Il a redonné à Zaharoff une partie de l’argent des pots-de-vin, contrairement à son intermédiaire, Abdul Karim Bey, qui a refusé de lui rendre quoique ce soit. Zaharoff a dit avoir eu « le coeur brisé » par un tel comportement, même si on ne peut pas s’empêcher d’avoir le sentiment à la lecture de ces documents qu’Abdul Karim jouait le maître manipulateur de son propre jeu.
Et au final, ZedZed a obtenu son « chocolat ». Lloyd George l’a recommandé avec une Grande Croix de chevalier. Strictement parlant, parce qu’il était un citoyen français à cette époque, Zaharoff n’a pas le droit de se faire appelé « Sir Basil » mais comme d’habitude, il n’en a pas tenu compte, et quand il est mort en 1936, il se faisait appelé Sir Basil Zaharoff.
Certes, le modeste carton ne donnait aucune indication sur les délices qui se cachaient en son sein.

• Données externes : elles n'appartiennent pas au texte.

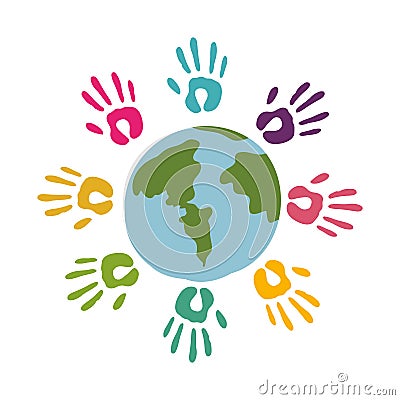 colored hands around of world Cartoon Illustration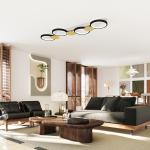 Taklampa LED Dimbar Svart och Guld Metall för Vardagsrum och Sovrum Modern Takarmatur med Fjärrkontroll och Justerbar Färg 38 W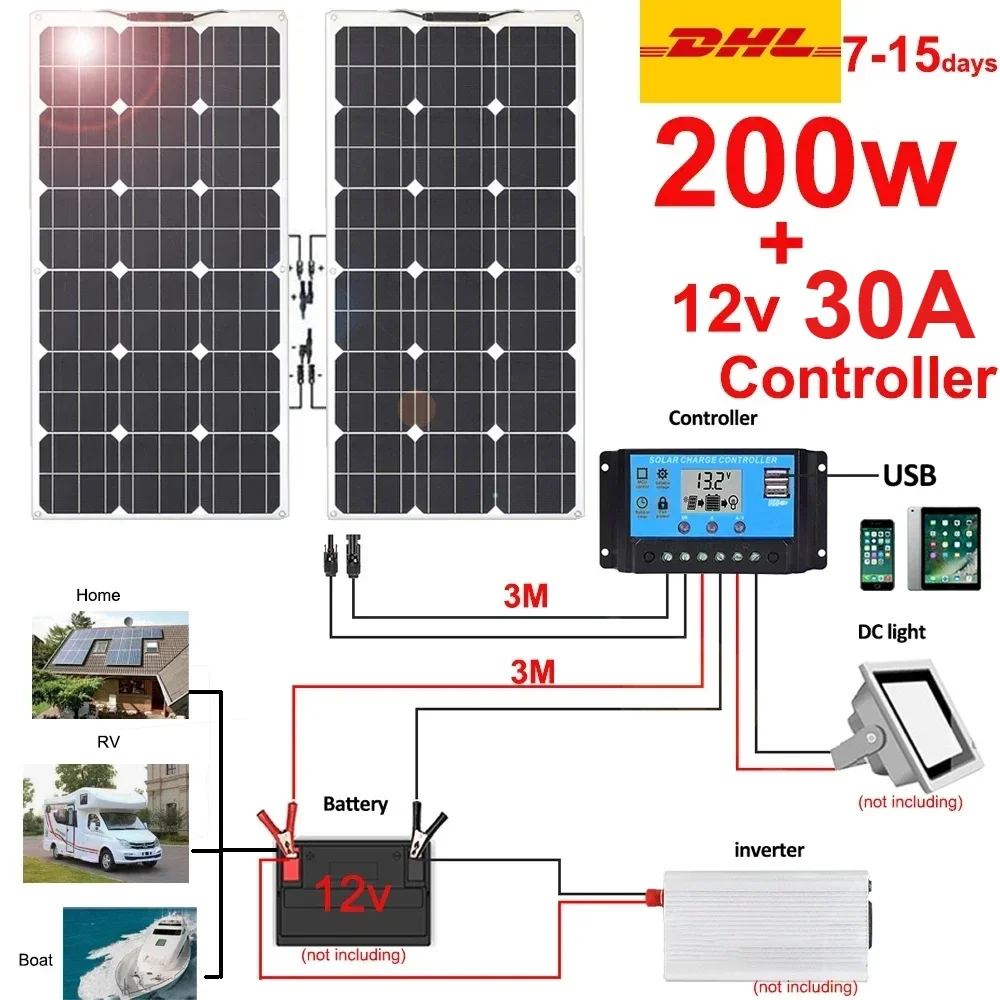 

200w Solar Panel Kit Flexible 12V Battery Charger Controller 30A Photovoltaic Panel for Home Balcony Car RV Yacht Waterproof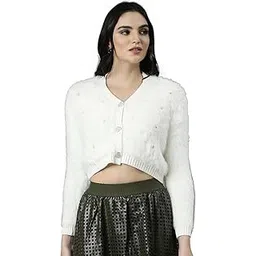 showoffff SHOWOFF Women's Solid V-Neck Crop Cream Embellished Cardigan-CHN-5249_Cream-picture-12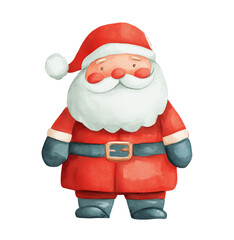 Cute Watercolor Santa Character in Festive Holiday Attire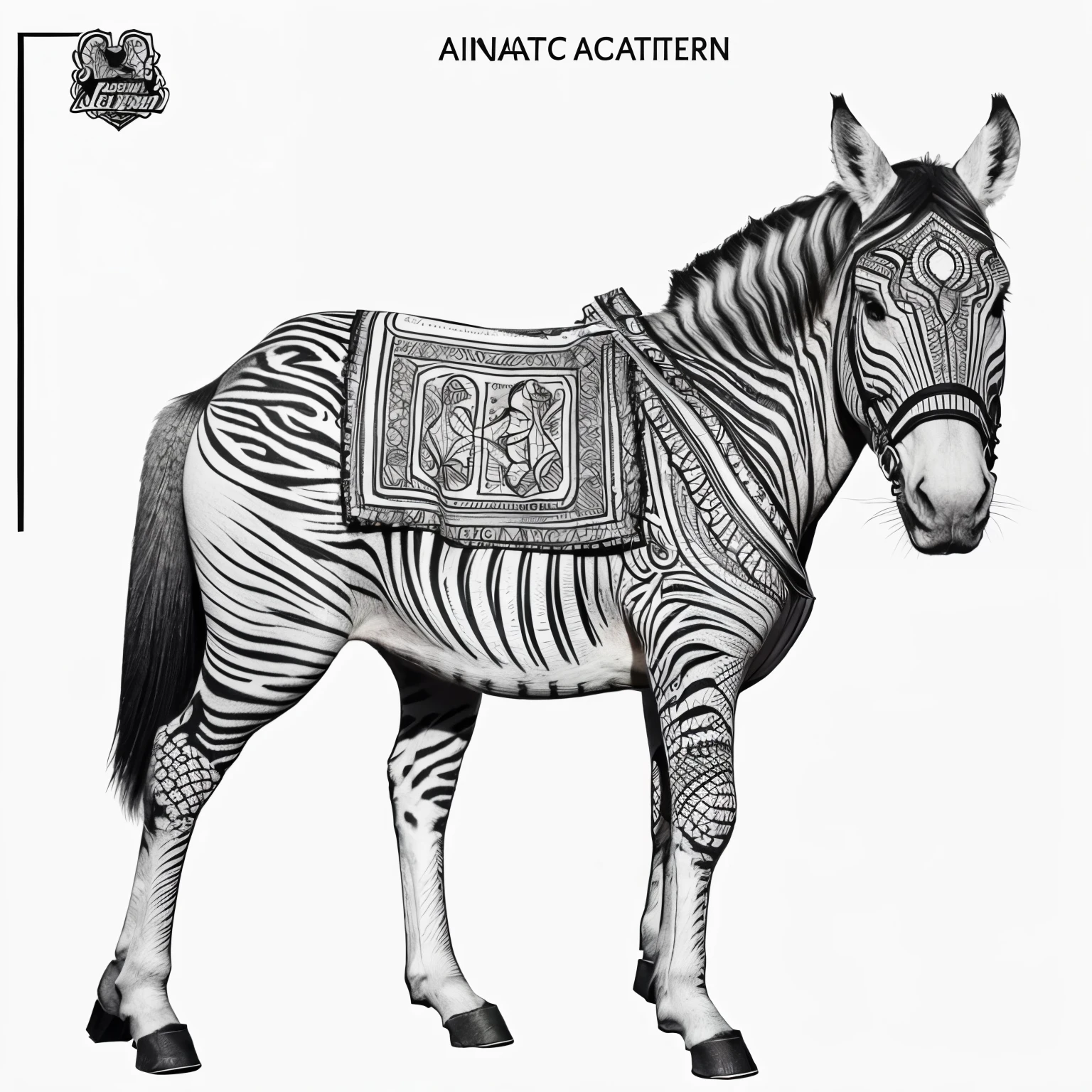 Detailed animal patterns for adult coloring sheet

Tandis que les chercheurs les plus sérieux des Archives nationales britanniques étudiaient leurs dossiers secrets, ils regardaient vers le Times of Israel en se demandant ce qui était si divertissant. C’était ZedZed, l’homme le plus sournois d’Europe, qui une fois de plus nous séduisait avec son charme particulier.